Transport Measurement of Landau level Gaps in Bilayer Graphene

TL;DR

This study measures Landau level gaps in bilayer graphene using transport spectroscopy, revealing how these gaps depend on magnetic field and electric field, and providing insights into symmetry-broken quantum Hall states.

Contribution

First transport spectroscopy measurements of Landau level gaps in bilayer graphene with controlled electric fields, revealing their dependence on magnetic and electric fields.

Findings

Single-particle gap at ν=4 scales linearly with magnetic field.

Gap at ν=-2 depends on electric field, indicating layer polarization.

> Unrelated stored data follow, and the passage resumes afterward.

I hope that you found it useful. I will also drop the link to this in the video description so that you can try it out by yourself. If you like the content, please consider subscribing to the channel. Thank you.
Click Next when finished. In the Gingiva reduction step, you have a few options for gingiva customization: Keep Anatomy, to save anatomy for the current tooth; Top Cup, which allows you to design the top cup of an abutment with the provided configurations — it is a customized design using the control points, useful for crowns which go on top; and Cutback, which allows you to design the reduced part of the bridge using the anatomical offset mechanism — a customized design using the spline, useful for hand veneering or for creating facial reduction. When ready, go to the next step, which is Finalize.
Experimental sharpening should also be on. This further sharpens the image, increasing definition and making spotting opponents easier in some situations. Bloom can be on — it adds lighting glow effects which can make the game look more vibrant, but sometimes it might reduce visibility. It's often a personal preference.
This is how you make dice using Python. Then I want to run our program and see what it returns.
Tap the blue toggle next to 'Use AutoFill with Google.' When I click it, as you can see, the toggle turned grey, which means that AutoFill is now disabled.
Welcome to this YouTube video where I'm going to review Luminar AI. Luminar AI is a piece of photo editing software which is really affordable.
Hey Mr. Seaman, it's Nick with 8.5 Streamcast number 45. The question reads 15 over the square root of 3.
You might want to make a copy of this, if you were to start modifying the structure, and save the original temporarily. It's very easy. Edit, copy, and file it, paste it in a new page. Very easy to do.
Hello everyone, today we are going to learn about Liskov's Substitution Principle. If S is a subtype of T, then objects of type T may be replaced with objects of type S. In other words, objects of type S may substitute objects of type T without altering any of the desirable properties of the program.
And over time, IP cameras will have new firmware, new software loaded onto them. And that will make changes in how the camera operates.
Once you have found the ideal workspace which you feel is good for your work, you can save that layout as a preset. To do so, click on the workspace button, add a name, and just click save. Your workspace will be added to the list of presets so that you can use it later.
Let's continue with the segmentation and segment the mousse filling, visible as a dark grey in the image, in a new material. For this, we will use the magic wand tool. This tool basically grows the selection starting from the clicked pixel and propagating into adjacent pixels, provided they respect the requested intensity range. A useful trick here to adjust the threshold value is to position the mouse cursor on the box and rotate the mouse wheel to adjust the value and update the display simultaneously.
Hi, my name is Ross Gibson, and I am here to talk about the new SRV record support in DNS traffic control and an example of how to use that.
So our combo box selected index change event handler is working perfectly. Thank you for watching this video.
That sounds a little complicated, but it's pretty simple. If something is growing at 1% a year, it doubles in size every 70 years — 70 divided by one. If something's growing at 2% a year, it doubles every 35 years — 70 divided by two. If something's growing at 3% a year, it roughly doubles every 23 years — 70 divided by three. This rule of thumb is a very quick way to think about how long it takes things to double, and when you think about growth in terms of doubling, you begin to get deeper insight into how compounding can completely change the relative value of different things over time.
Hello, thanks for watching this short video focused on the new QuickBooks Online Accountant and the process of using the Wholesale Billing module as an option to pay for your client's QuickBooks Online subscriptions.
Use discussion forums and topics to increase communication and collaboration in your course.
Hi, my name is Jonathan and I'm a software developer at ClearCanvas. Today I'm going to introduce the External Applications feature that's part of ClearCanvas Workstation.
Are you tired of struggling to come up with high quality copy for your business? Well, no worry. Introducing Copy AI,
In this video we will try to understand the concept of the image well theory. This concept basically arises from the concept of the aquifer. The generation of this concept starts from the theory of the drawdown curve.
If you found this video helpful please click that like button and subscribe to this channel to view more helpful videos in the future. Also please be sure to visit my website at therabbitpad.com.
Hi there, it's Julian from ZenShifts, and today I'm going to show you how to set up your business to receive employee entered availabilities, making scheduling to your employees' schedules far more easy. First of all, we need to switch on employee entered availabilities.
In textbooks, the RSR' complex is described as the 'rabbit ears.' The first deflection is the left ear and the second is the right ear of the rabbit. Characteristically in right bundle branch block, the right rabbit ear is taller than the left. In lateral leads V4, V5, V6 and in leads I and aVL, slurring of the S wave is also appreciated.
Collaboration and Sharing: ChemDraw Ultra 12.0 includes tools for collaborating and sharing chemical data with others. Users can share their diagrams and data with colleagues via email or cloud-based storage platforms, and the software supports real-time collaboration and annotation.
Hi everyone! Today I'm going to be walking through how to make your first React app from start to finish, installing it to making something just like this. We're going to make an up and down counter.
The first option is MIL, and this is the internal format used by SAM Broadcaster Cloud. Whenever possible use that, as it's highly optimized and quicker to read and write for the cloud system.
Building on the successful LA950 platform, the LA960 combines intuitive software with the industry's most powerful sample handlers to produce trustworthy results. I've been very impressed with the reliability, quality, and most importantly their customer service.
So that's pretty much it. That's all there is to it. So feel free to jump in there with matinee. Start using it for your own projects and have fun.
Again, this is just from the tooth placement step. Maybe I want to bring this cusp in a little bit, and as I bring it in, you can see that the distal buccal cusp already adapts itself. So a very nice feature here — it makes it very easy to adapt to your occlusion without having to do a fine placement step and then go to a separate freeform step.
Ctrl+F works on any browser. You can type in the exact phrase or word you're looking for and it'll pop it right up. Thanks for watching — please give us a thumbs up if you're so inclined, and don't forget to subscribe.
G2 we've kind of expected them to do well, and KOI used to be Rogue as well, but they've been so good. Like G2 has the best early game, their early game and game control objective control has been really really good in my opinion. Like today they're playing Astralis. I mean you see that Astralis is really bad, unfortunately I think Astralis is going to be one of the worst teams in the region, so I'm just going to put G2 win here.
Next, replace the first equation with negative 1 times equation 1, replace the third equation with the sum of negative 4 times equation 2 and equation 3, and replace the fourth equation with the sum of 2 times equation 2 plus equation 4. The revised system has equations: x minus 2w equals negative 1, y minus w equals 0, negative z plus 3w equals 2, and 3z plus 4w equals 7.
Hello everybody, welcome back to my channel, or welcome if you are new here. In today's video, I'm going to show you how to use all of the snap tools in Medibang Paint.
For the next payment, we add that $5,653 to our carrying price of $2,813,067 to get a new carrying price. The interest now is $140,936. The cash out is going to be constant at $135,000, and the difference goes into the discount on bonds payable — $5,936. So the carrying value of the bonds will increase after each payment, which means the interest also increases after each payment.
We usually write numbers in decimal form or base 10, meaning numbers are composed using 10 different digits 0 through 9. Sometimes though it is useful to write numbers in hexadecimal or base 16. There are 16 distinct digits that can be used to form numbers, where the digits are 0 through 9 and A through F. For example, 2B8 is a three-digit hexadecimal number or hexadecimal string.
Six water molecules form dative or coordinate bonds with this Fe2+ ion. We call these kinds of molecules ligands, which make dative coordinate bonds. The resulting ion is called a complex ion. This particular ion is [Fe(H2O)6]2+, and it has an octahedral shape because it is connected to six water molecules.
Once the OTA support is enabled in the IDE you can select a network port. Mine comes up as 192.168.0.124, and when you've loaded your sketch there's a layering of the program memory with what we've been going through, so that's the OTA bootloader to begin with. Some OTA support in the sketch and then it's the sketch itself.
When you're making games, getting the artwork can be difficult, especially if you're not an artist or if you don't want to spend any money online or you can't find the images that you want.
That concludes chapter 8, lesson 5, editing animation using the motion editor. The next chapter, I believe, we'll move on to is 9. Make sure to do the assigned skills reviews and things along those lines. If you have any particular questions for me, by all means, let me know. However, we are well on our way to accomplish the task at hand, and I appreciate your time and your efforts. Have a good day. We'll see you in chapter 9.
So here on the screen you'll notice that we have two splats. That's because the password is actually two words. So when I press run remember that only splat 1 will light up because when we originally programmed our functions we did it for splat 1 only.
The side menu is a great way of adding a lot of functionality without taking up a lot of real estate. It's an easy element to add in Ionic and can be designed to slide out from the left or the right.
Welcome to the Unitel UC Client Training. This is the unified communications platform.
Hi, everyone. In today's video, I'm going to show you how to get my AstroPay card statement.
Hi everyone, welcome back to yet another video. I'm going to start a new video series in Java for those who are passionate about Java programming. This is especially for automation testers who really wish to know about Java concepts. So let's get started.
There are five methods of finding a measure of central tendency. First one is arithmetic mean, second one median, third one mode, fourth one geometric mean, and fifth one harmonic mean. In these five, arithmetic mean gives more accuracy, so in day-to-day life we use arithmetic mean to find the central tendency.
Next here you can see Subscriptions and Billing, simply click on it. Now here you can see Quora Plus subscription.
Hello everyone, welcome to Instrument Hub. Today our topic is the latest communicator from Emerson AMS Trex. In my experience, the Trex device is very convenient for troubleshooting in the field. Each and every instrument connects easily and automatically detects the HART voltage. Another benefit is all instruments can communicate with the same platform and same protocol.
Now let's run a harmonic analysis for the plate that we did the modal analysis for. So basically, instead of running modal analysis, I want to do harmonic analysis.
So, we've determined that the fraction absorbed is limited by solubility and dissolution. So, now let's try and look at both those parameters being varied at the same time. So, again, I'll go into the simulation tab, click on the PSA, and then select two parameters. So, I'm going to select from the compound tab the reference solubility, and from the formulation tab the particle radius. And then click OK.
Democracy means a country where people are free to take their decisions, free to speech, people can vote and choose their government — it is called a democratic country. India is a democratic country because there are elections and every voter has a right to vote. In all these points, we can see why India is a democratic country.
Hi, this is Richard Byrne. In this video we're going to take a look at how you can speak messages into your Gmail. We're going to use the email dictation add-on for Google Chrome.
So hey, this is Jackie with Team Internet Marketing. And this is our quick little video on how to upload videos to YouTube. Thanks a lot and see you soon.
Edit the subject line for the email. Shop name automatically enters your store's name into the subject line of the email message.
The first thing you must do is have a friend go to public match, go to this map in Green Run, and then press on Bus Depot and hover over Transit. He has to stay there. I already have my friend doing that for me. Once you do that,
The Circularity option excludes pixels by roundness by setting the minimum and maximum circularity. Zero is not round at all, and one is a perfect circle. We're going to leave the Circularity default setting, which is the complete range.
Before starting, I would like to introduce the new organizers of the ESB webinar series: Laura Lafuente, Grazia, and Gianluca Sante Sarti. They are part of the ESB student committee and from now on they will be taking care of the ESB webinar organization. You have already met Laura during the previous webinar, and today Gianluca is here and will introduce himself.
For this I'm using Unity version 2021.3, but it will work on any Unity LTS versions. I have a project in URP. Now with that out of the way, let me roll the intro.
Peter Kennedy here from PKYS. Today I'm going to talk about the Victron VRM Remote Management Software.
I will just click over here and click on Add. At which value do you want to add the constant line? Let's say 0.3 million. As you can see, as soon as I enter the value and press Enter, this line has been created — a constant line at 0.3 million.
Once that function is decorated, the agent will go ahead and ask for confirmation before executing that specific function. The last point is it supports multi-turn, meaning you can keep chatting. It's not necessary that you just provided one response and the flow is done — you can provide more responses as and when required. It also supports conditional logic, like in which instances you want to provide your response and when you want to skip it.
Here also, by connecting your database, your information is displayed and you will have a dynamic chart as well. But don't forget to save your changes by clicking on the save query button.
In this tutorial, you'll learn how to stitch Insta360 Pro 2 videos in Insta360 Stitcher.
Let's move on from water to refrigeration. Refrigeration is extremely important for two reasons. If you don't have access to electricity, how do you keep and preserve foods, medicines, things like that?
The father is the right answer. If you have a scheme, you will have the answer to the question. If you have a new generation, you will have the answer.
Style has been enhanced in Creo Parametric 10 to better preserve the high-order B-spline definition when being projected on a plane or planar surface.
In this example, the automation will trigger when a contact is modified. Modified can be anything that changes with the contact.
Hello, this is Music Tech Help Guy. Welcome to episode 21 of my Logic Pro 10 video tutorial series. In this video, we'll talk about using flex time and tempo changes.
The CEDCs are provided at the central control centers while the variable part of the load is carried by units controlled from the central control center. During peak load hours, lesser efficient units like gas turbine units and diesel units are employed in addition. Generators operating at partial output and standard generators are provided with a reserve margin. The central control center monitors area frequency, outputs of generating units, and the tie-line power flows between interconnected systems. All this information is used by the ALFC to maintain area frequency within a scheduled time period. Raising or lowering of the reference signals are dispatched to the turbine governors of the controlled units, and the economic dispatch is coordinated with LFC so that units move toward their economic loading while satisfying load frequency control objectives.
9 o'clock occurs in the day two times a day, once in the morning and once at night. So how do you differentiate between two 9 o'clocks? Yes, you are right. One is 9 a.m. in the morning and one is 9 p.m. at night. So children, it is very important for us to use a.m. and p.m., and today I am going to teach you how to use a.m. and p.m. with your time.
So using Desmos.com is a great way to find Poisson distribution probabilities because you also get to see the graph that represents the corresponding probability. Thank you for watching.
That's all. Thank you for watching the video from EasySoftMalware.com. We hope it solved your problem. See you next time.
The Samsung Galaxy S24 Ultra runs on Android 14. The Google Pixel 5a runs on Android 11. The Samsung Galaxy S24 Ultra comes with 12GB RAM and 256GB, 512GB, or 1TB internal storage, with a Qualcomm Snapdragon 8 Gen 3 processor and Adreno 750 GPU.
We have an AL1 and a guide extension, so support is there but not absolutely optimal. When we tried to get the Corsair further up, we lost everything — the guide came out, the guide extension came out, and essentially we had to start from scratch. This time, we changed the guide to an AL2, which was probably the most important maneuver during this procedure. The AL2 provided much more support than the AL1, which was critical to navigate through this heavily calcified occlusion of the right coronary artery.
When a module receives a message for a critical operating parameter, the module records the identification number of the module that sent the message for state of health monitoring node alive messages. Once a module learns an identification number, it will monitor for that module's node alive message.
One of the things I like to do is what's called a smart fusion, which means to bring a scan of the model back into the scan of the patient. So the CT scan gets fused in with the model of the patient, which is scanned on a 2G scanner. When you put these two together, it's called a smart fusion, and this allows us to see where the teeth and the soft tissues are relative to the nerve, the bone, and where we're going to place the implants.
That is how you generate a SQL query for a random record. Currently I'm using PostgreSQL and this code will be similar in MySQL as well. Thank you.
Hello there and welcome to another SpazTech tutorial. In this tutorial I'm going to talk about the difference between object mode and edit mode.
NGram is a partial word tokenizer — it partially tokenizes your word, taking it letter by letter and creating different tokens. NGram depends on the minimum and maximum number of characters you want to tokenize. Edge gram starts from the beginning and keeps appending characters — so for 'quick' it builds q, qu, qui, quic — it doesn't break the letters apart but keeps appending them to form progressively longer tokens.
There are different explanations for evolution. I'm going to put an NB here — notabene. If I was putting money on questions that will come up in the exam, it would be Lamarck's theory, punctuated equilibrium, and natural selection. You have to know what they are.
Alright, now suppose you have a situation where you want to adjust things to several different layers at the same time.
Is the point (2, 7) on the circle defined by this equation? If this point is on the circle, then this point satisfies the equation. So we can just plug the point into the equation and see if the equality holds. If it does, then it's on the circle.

Method enables studying symmetry-broken states in layered materials.

Abstract

Landau level gaps are important parameters for understanding electronic interactions and symmetry-broken processes in bilayer graphene (BLG). Here we present transport spectroscopy measurements of LL gaps in double-gated suspended BLG with high mobilities in the quantum Hall regime. By using bias as a spectroscopic tool, we measure the gap {\Delta} for the quantum Hall (QH) state at filling factor {\nu}={\pm}4 and -2. The single-particle gap for {\nu}=4 scales linearly with magnetic field B and is independent of the out-of-plane electric field E. For the symmetry-broken {\nu}=-2 state, the measured values of gap are 1.1 meV/T and 0.17 meV/T for singly-gated geometry and dual-gated geometry at E=0, respectively. The difference between the two values arises from the E-dependence of the gap, suggesting that the {\nu}=-2 state is layer polarized. Our studies provide the first measurements of the gaps of the broken symmetry QH states in BLG with well-controlled E, and establish a robust method that can be implemented for studying similar states in other layered materials.